In the past three years I’ve “experimented” with quite a few different ways of looking at the world. I’ve been angry at everything, caught up in romance, completely focused on inner peace, and most recently, obsessed with self-improvement. While I would never advise anyone else to be so inconsistent with their state of mind, my own inconsistency has helped me get to the core of what I really desire: a life filled with beauty, romance, passion, and adventure. I want to be inspired, and nothing inspires quite like beauty.
What is beauty? Who defines it? Is it purely aesthetic, or something deeper? Is it an objective quality or is it, like the old expression tells us, merely found in the eye of the beholder?
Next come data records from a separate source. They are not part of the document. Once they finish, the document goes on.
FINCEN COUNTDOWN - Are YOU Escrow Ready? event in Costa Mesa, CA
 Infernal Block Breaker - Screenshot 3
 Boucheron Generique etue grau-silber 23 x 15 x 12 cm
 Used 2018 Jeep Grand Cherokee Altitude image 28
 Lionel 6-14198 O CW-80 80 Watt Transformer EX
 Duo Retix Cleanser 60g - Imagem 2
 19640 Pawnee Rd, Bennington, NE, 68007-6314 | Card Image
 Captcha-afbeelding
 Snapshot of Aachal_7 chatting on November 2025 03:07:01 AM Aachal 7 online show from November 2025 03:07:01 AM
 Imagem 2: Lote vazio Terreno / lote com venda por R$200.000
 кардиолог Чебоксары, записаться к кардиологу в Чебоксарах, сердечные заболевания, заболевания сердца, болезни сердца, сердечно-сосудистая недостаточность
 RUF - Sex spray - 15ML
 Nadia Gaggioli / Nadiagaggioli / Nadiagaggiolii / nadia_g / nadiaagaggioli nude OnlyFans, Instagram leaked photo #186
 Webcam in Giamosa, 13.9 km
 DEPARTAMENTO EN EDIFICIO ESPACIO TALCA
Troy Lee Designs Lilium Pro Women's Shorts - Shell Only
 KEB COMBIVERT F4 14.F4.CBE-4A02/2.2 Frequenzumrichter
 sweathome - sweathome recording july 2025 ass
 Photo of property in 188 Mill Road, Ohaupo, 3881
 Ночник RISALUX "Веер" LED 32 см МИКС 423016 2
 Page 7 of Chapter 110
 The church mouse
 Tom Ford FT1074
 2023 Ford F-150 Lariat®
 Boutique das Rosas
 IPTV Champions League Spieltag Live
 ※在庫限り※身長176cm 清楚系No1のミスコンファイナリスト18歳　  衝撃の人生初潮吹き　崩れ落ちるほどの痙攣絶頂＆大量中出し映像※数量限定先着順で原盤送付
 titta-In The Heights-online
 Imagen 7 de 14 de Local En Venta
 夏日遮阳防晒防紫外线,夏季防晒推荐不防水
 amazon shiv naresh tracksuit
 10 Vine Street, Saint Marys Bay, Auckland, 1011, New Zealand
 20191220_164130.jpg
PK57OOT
Can you actively pursue it, or can you only open yourself up to experience it?
I don’t have an answer to these questions and that’s okay with me. In a way, the mystery itself is beautiful. All I know is that I’ve seen glimpses of this mystical quality – most of them stumbled upon by accident – in the people, places, and things I’ve encountered in my life. Those glimpses have shown me that there is something more to life than the mundane, everyday concerns that normally fill my mind. There are things in this world that make my heart sing and my imagination run wild. And those things are what I want to spend my life seeking out.
How does one do this? To be honest I’m still figuring that out. Sometimes I look at the world around me and beauty is the last thing I see. But as Confucius once said, “everything has beauty, but not everyone sees it.” Maybe trying to find the beauty in everything is overly romantic, a futile attempt to view the world with rose-colored glasses. But of course, life is really just a game of perception. We can choose to see the good or the bad in anything.
So I ask myself, why settle for the good when I can choose to see the beautiful?